The ACE research provides a critical lens through which we can view mental health struggles—not as isolated issues but as reflections of broader societal and environmental failings. If we are to create lasting change, we must address both the internal and external factors that contribute to mental health. It’s not enough to simply treat the distress; we need to understand the root causes and work to fix the systems that have caused so much systemic dysfunction.
Not Our Natural Selves
None of us are who we might naturally be because we’re molded by our human-made systems from birth. Understanding this doesn’t absolve anyone of responsibility, but it does provide context. The problem isn’t just individual, it’s systemic.
If we’re to challenge these systems, we need to speak up. We need to share our stories, not just as data points but as lived experiences. For those of us who’ve felt the sting of judgment and the weight of systemic failure, our voices matter. We can educate and explain, offering perspectives that promote understanding. Change won’t come quickly, but it can start with a conversation—a shift in how we see and treat each other.

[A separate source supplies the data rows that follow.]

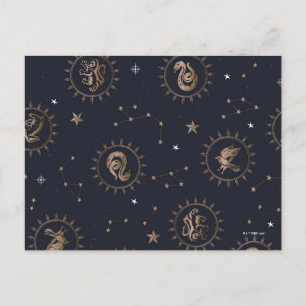 Hogwarts House Crests Constellation Pattern Postcard
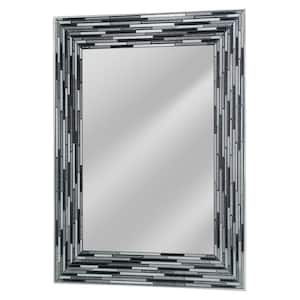 24 in. W x 30 in. H Rectangular Frameless Mosaic Tile Print Reeded Wall Bathroom Vanity Mirror in Black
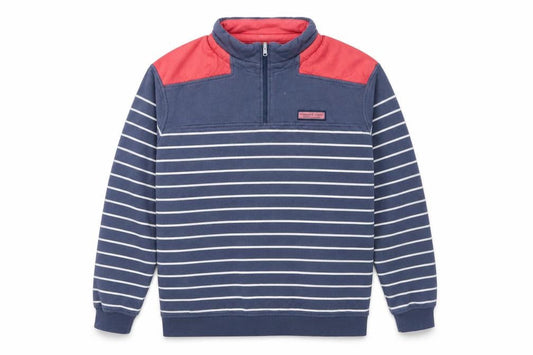 Vineyard Vines Men's Blue Striped 1/2 Zip Cotton Sweatshirt M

So here’s my plea: let’s stop focusing solely on fixing individuals and start addressing the environments that shape them. Let’s challenge the systems that perpetuate harm and create opportunities for connection. If you want to help someone in distress, show them genuine care. It’s not something they will ever receive from a paid professional in a sterile setting.
For what it’s worth, I believe the most effective therapy comes from those closest to a person—family, friends, and others in their immediate orbit. However, this requires those individuals to first be educated on how their behavior might contribute to or alleviate the distress of their loved one. A person’s environment, particularly the attitudes and actions of those around them, can play a crucial role in their healing process.
Bring kindness into their lived experience. Reach out—ask if they’d like to spend time together. Listen without judgment. Treat them with the same respect and empathy and camaraderie you’d hope to receive. These small acts might not reflect what they’ve experienced before, or what they haven’t had enough experience with, but you have the power to provide that difference. Reach out as best you can to the person’s natural self.